Scrap Brain has some assholish design, sure. Mainly platforms that disappear too quickly underneath you. Even back in the day once I finished Starlight with more than a couple of lives, I could finish Scrap Brain and the game. And it is not really unfair, aside from some very specific parts.

Pushing you back to black and white Labyrinth Zone at the end is a great move. Just a last push to prove you could do it.
 
Sonic 1 is good, it's just the sequels were better. Much like Assassins Creed and Uncharted, etc, the first game is the series finding it's footing where the sequel takes that and improves on where it was flawed. The fact that Sonic 1 is still good to play and rewards exploration still makes it viable to play through. It's certainly not a very bad game or terrible, stop with the retroactive hyperbole. Unless this is just another thinly masked GAF thread where people shit on Sonic again cause it was cool, but now Sonic Mania has people hyped so now these people need to bash Classic Sonic even more?
 
Sonic 1 hits snags with Marble/Labrinyth Zones killing all momentum, but the other 4 stages still hold up in my book. Plus, again, OP hasn't played 2 or 3/K, AKA the best ones. Granted, they dislike CD, but as a CD fan, the game's totally hit or miss.
 
I've still never beaten the casino level in Sonic 3 after multiple tries. It's the time limit, the closest I got was beating the boss and then watching the clock run out.
 
Sonic 1 hits snags with Marble/Labrinyth Zones killing all momentum, but the other 4 stages still hold up in my book. Plus, again, OP hasn't played 2 or 3/K, AKA the best ones. Granted, they dislike CD, but as a CD fan, the game's totally hit or miss.

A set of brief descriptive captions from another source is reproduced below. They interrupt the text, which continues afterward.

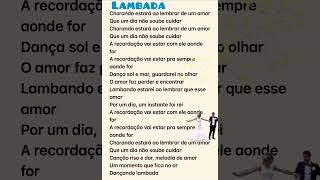 🎧Lambada💃🏻🕺~kaoma😆 #lambada #kaoma #songlyrics #lyrics #shorts #lovesong #80s90shits #80smusic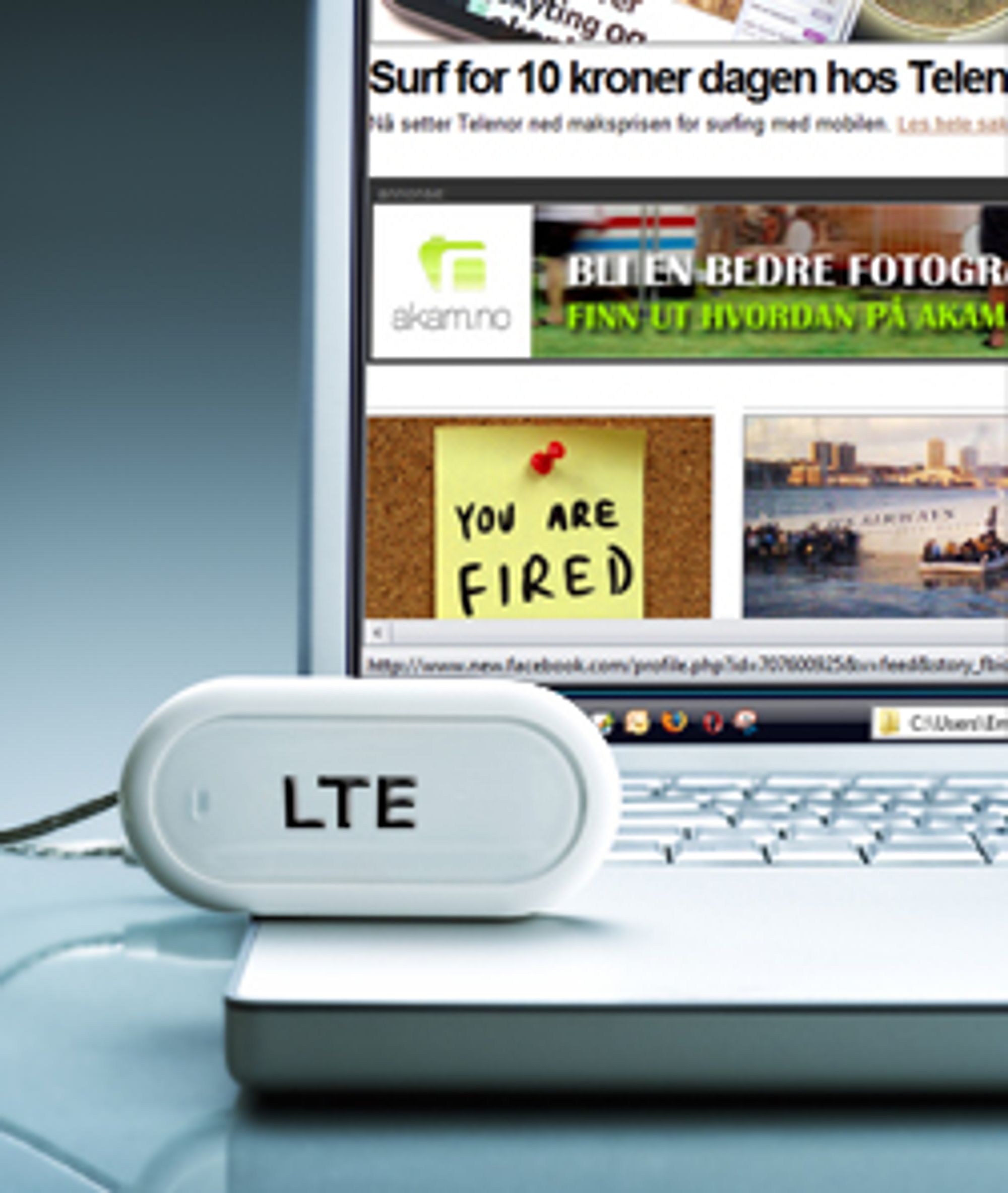 LTE vil gi deg lynraskt mobilt internett. (Foto: Istockphoto/Knape)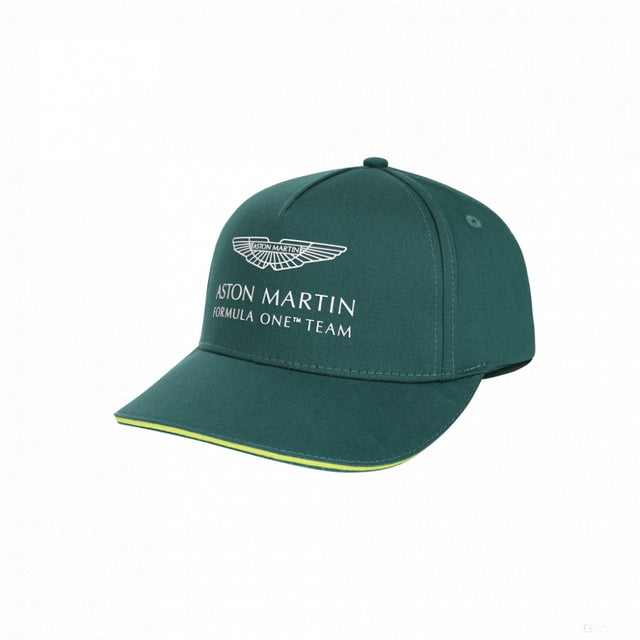 Dětská baseballová čepice Aston Martin, tým F1, zelená, 2021 - FansBRANDS®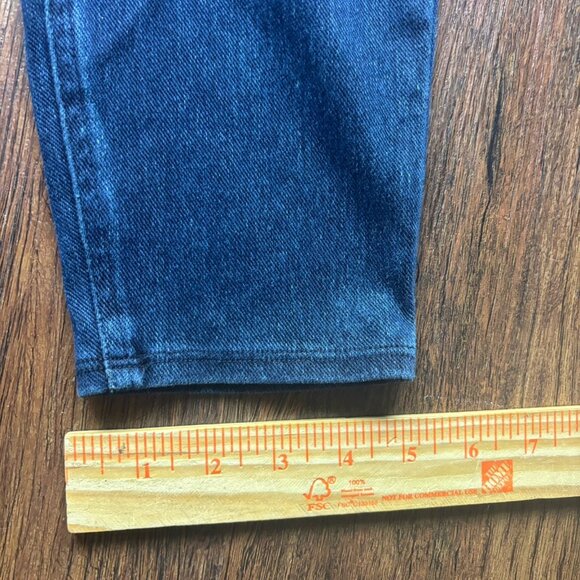 Spanx Pull On Skinny Jeans Distressed Dark Wash Women’s Size Size XL - Picture 9 of 10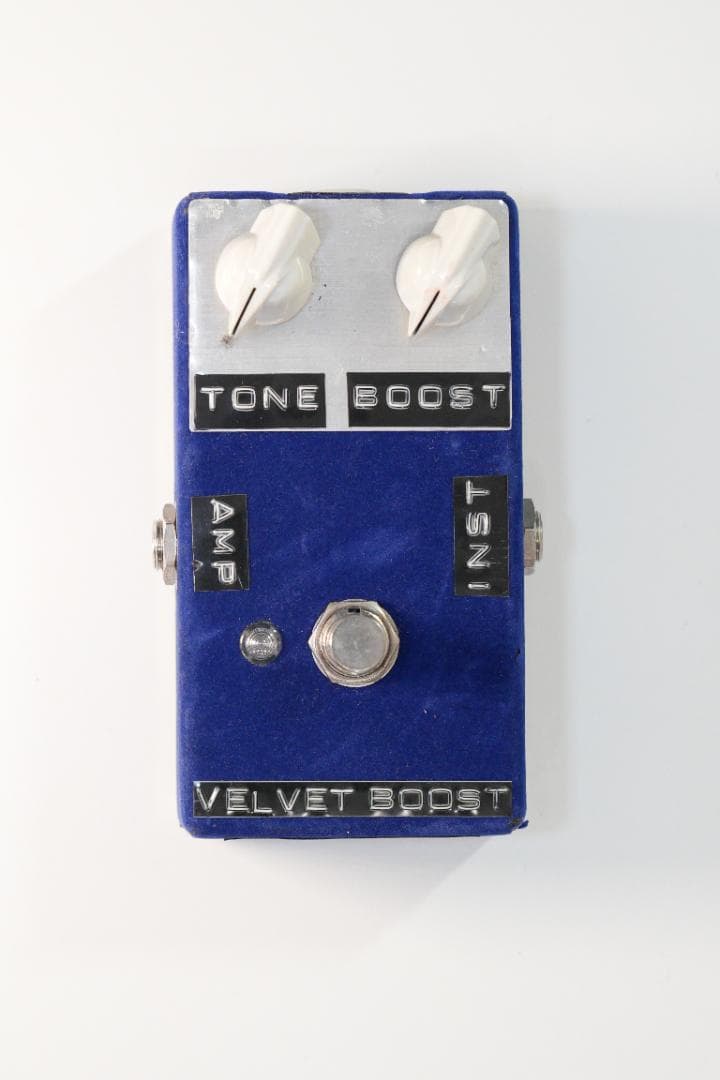 Shin's Music VELVET BOOST エフェクター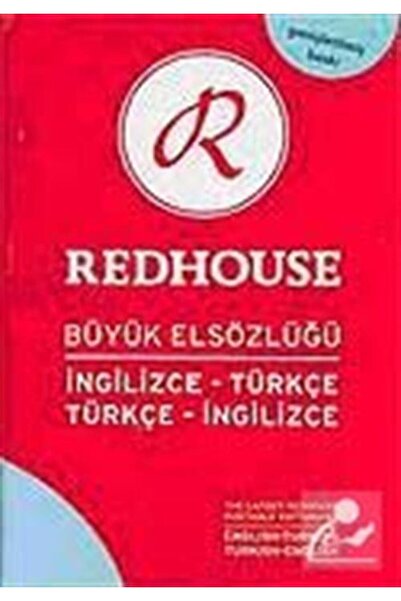 Redhouse Yayınları İngilizce-Türkçe/Türkçe-İngilizce Redhouse Büyük Elsözlüğü...
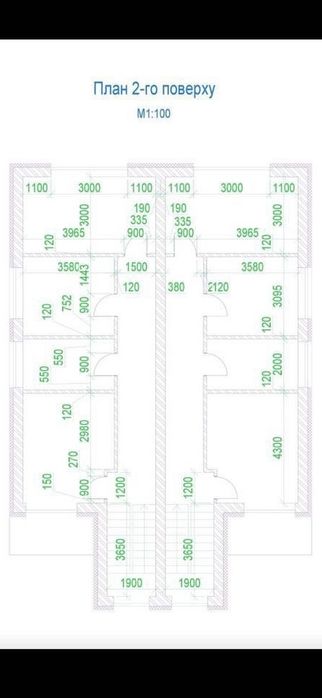 Дуплекс - лісова Буча, 146 м², багатошаровий дах, введений в експл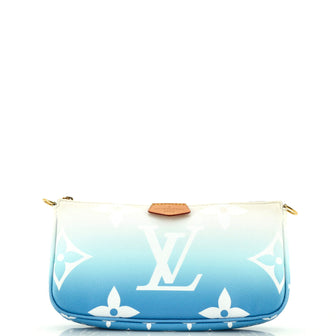 Louis Vuitton Multi Pochette Accessoires Pouch By The Pool Monogram Giant Large
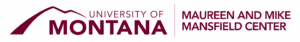 University of Montana Mansfield Center logo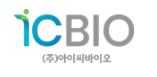 아이씨바이오 로고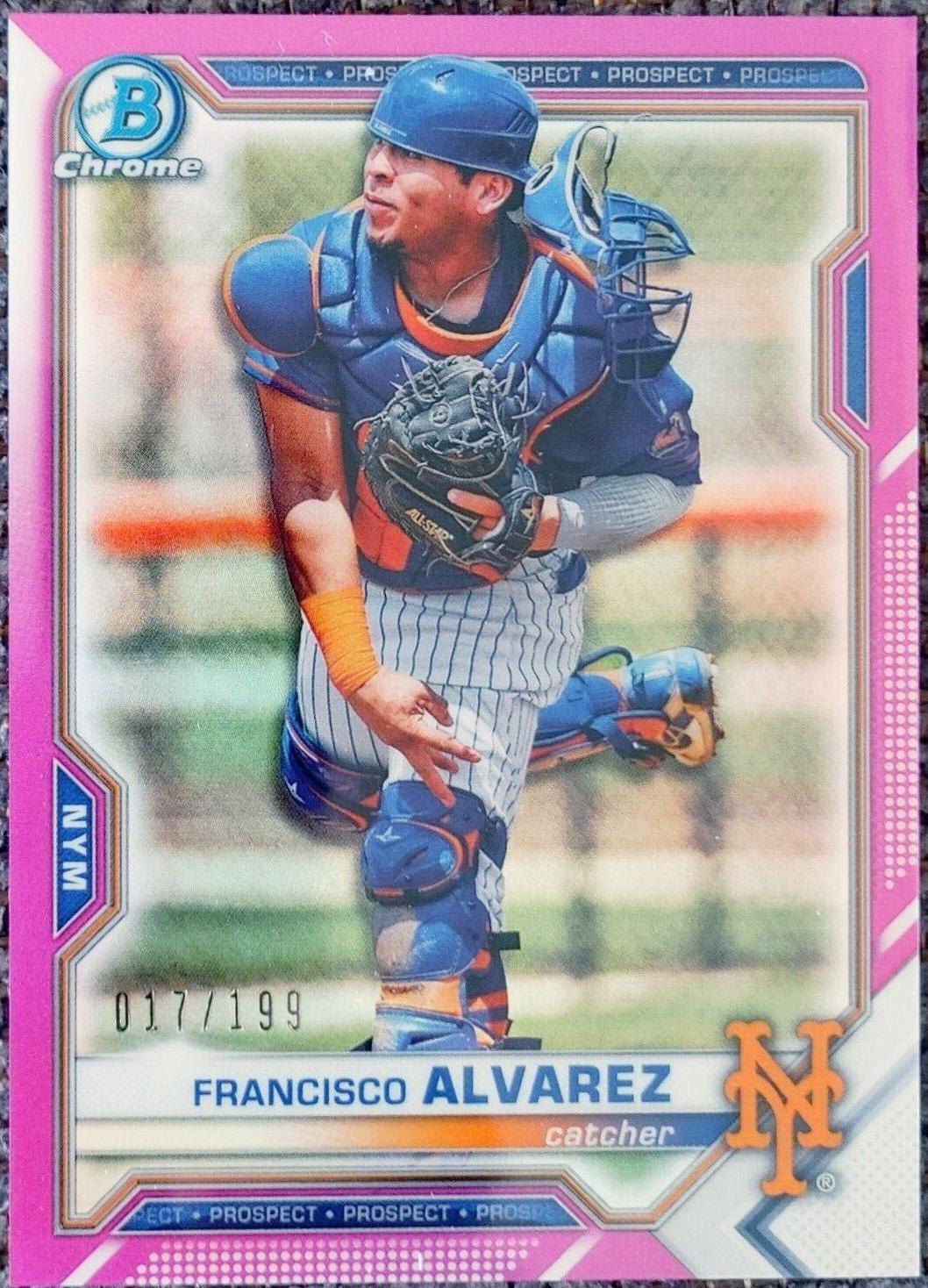 Francisco Alvarez [Fuchsia Refractor] #BCP-53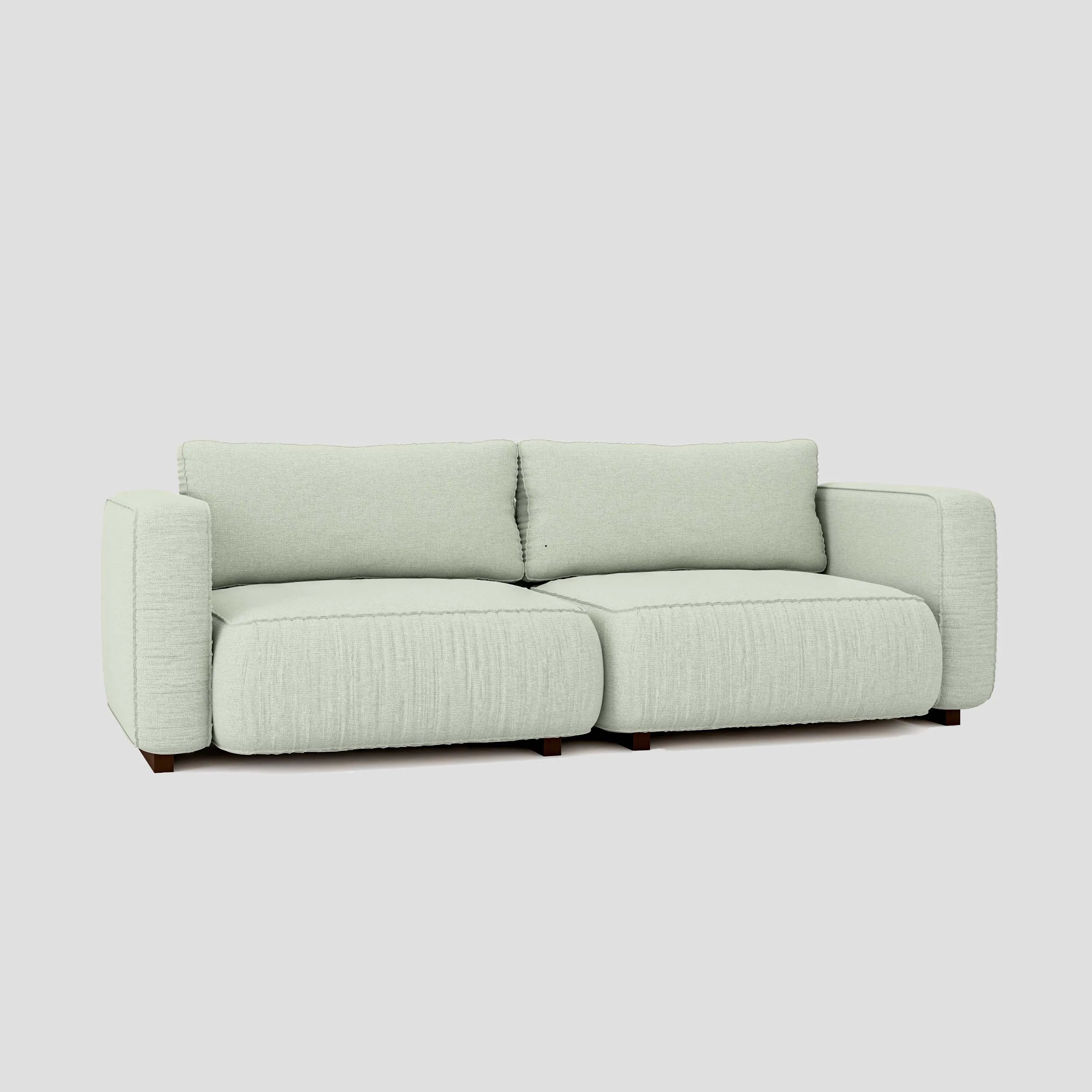 كنبة ليز مقعدين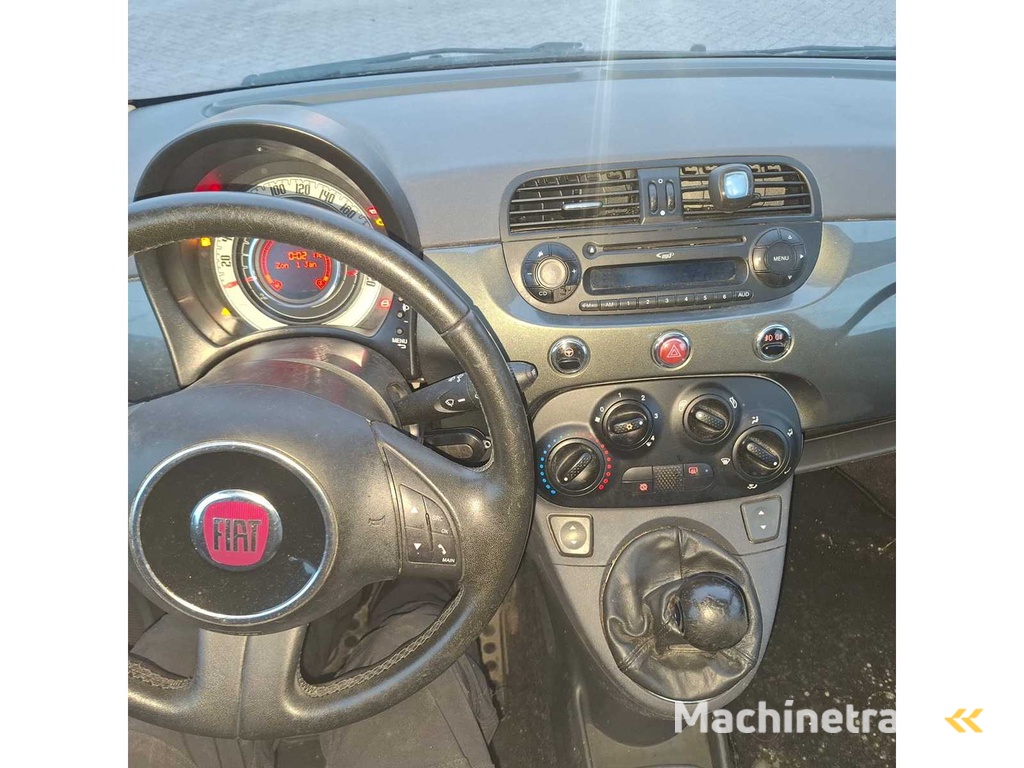 Fiat - 2013 - 500 - 1.2 Lounge - R-230-JB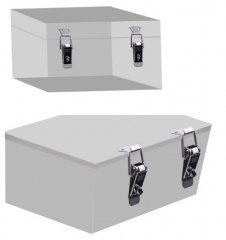 Small Metal Box Toggle Latches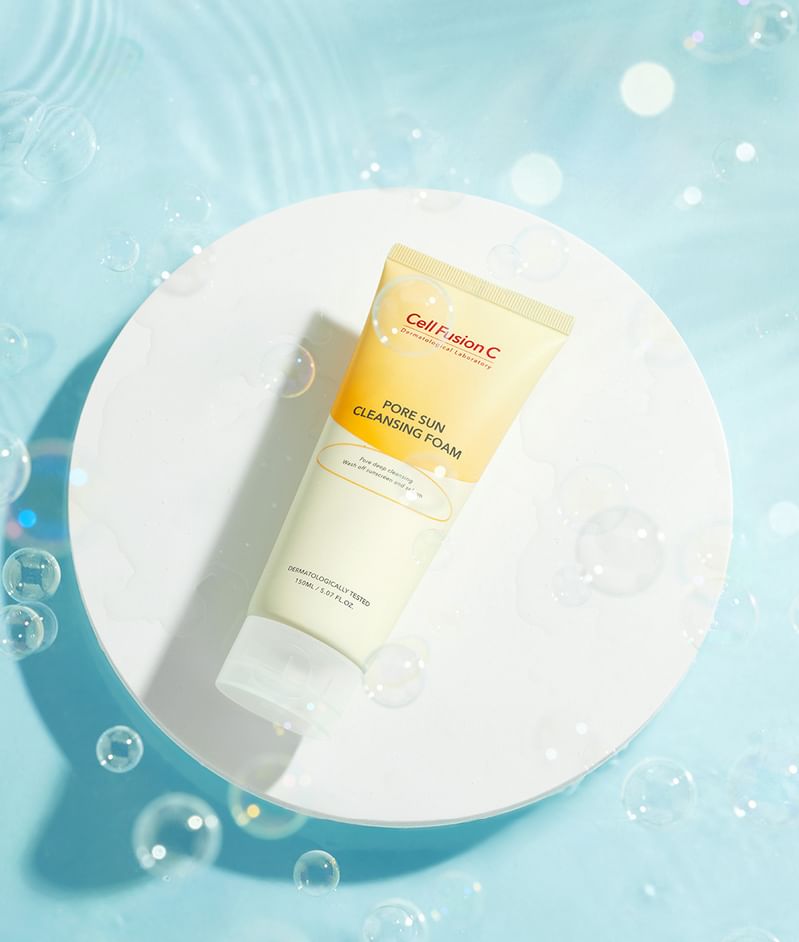 Cell Fusion C - Pore Sun Cleansing Foam, 150ml, 380 g, 8809694624156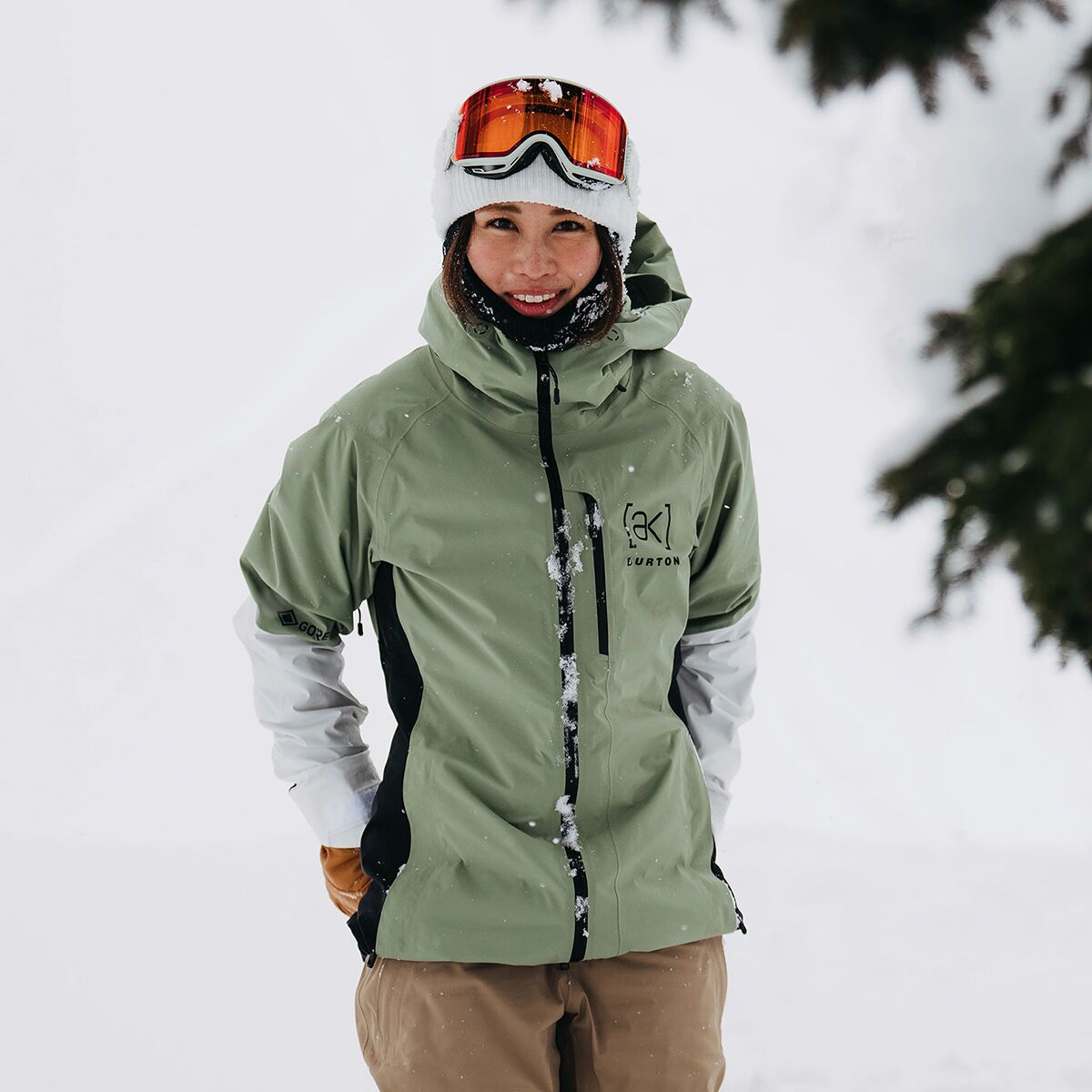 Burton AK GORETEX Upshift Jacket Women's Clothing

I have played 2, 3, and Knuckles. I know them just as well as 1 and played them just as much if not more.

But I haven't played them in years.
 
just played sonic 2 last night on my retro pi, aside from getting used to the ps3 controller and lack of scanlines, I was loving it. sonic 1 sure does show it's age though comparitively
 
I think the first is a good game. I also think 2 and 3 are good games and do not give a shit about a new version made by no one related to the original series.
 
This is a strange thread. I was actually expecting all the usual trappings of these discussions from people who have no idea how to play Sonic and blame the game for them being terrible at it. What I see instead is a specific critique of Labyrinth Zone, which nobody liked anyway because pure water levels in platformers suck and always will suck, in which I agree with certain points but not with others, and a critique of Scrap Brain which basically boils down to "it's too hard" to which I say... okay, sorry I guess?

The first game is pretty rough and the design isn't as tight as later titles but the gigantic leap from "I have some issues with two of the zones" to "this game is terrible and worse than almost every other classic platformer" doesn't hold at all. There's no meat to this argument to pick apart, it's all just subjective dressing.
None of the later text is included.